XXIX
Lucinda had by now become sufficiently conversant with the ways of directors to hear without much surprise—if with a little sinking of her lonely heart—the news which Summerlad had to communicate on the tenth day of his absence, when he telephoned that Jacques was threatening to find a fortnight too little for the work that had taken the company away from Los Angeles.
And the next day, when she paid the studio the perfunctory call of routine—to learn, as usual, that Barry Nolan had as yet sent no word concerning the date when he expected to begin directing for Linda Lee Inc.—Lucinda saw, as she left her car in front of the administration building, the owner of the premises lounging against one of the fluted columns of the portico and mumbling an unlighted cigar, and got from him a moody nod instead of the beaming salutation he had taught her to expect.
Himself a monstrously homely man, short, stout and swart, Zinn had an alert eye for feminine good looks, which had never before neglected to give Lucinda to understand that it was on her and humid with approbation.
By birth a Russian Jew, offspring of immigrants from Odessa, Isadore Zinn had worked his way into the producing business, as the saying ran, through its backdoor; that is to say, from the exhibitors' side. Indefatigable industry and appetite for hardship coupled with quenchless greed and a complete absence of scruples and moral sense, had promoted him from the office of usher in a "nickelodeon" of the cinema's early days successively to be the proprietor of the enterprise, organizer of a chain of motion-picture theatres, and president of a league of exhibitors, which last had eventually pooled its resources and gone into the business of producing as well as that of showing pictures. The money of this league had built what were today the Zinn Studios; just how this property had come to pass into Zinn's sole possession was a matter of secret history concerning which there were many rumours, all unsavory.

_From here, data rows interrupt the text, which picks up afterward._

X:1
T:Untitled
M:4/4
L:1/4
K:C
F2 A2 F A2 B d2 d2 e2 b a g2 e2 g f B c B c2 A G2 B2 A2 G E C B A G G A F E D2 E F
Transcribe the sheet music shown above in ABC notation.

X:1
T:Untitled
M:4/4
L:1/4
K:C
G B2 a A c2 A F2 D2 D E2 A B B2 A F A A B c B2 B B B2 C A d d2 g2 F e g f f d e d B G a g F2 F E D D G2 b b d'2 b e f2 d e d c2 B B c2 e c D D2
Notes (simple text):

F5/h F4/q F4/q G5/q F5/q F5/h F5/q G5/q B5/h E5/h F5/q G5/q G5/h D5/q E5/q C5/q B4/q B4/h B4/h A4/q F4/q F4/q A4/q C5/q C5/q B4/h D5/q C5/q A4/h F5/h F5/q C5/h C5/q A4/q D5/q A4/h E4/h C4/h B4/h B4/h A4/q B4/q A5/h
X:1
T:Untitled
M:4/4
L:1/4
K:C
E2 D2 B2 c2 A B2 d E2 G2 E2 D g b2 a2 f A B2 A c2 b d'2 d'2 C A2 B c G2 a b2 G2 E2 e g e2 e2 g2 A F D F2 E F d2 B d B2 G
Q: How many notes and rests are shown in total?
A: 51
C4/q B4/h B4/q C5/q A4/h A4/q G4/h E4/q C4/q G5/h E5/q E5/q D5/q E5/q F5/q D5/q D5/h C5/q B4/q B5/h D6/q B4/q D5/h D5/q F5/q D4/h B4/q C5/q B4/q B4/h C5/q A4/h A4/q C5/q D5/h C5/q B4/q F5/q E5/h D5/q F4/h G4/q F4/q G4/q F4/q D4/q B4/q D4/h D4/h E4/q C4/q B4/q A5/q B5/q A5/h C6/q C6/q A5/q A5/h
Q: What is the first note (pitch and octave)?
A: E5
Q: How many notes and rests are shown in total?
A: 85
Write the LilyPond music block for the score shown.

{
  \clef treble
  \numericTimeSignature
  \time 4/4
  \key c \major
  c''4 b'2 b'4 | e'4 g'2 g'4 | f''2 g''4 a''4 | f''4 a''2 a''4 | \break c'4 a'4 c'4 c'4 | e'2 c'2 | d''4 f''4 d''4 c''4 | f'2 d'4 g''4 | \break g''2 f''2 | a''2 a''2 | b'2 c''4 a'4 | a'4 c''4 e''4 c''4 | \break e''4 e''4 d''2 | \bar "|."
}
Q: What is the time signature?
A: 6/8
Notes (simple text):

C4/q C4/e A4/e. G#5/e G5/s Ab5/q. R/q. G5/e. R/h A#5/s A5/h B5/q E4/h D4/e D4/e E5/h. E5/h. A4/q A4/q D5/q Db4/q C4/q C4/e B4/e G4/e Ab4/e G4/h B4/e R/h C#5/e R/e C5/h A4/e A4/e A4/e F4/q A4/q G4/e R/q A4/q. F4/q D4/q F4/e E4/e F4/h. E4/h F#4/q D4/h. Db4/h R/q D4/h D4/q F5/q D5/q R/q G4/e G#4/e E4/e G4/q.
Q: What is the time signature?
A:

Zinn was reputed by his loving employees to set no more store by a dollar than by an eye-tooth or an only child.
On leaving, half an hour later, Lucinda found the man in the same spot and pose. Apparently he had not moved a muscle in that interval. She paused to ask why, and was frankly told.
"I'm figuring on killing a director, Miss Lee, and wondering if maybe I couldn't get away with it. I could all right, if you only could believe all you hear. You ask any of them fellers in there"—Zinn jerked his head toward the building behind him—"takes my good money and calls me Mister Zinn—and they'll tell you I get away with murder every day or worse." He sighed dismally. "If they was any truth in that, I'd be a happy kike and a lot of directors' wives wouldn't have nothing on their minds no more, only their hair. The way I am today, the first one I'd take a load off her intellect would be Mrs. Jacques."
"I didn't know Mr. Jacques was married."
"Maybe he ain't right now, it's hard to tell. You take actors and directors, they're all the same, you never know when they ain't married or how long they been that way. The way it seems to me, they get married off and on just to see what difference it will make if any. 'Most everybody you know's got a loose wife or husband kicking around somewhere this side the Cajon Pass. The only way you can keep track of them is don't try."